Find the equation of the tangent to the circle whose equation is given below at the point (1,2)

(x-3)^2 + (y+2)^2 = 20

give answer in form ax+by+c=0 where abc are integers

Answer 1

`x-2y+3=0`

Explanation:

Equation of a circle:
`(x-h)^2+(y-k)^2=r^2`

(where (h, k) is the centre, and r is the radius)

Given equation:
`(x-3)^2+(y+2)^2=20`

Therefore, the centre is (3, -2) and the radius is √20

To find the equation of the tangent

The tangent of a circle is perpendicular to the radius at the point.

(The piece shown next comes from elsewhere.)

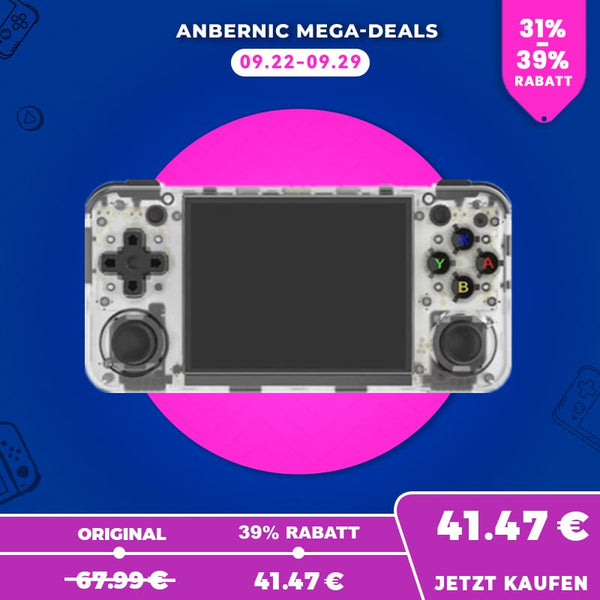 ANBERNIC RG35XX H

Therefore, first find the gradient (slope) of the line that passes through the centre of the circle and the given point.

`\textsf{let}\:(x_1,y_1)=(1,2)`

`\textsf{let}\:(x_2,y_2)=(3,-2)`

`\textsf{slope}\:(m)=(y_2-y_1)/(x_2-x_1)=(-2-2)/(3-1)=-2`

If two lines are perpendicular to each other, the product of their gradients will be -1.

Therefore, the gradient of the tangent is:

`m_t \cdot-2=-1\implies m_t=\frac12`

Now use the point-slope formula of a linear equation to find the equation of the tangent:

`\implies y-y_1=m_t(x-x_1)`

`\implies y-2=\frac12(x-1)`

`\implies 2y-4=x-1`

`\implies x-2y+3=0`